_Exercise_
I'd like every line in the following listing that holds "example" copied.

_Supplied records_
Segment Open

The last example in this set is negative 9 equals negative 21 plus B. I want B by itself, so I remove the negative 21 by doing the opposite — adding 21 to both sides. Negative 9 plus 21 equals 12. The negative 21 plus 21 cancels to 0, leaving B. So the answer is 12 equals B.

Segment Closed
Segment Open

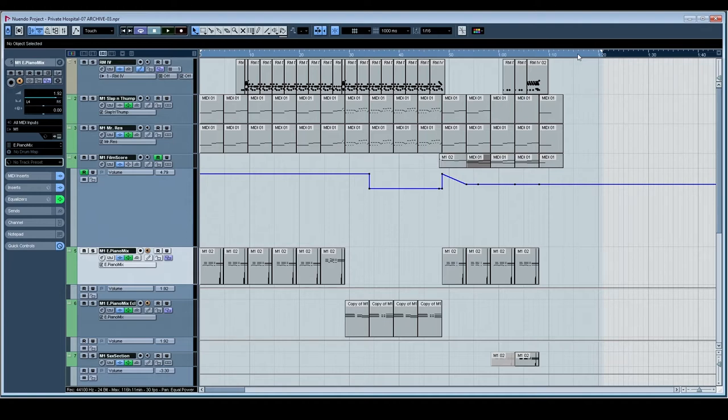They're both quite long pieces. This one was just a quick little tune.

Segment Closed
Segment Open

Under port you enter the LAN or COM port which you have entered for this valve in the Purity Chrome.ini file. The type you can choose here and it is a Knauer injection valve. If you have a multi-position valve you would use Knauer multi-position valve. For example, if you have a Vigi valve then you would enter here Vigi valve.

Segment Closed

_Written response_
The last example in this set is negative 9 equals negative 21 plus B. I want B by itself, so I remove the negative 21 by doing the opposite — adding 21 to both sides. Negative 9 plus 21 equals 12. The negative 21 plus 21 cancels to 0, leaving B. So the answer is 12 equals B.
Under port you enter the LAN or COM port which you have entered for this valve in the Purity Chrome.ini file. The type you can choose here and it is a Knauer injection valve. If you have a multi-position valve you would use Knauer multi-position valve. For example, if you have a Vigi valve then you would enter here Vigi valve.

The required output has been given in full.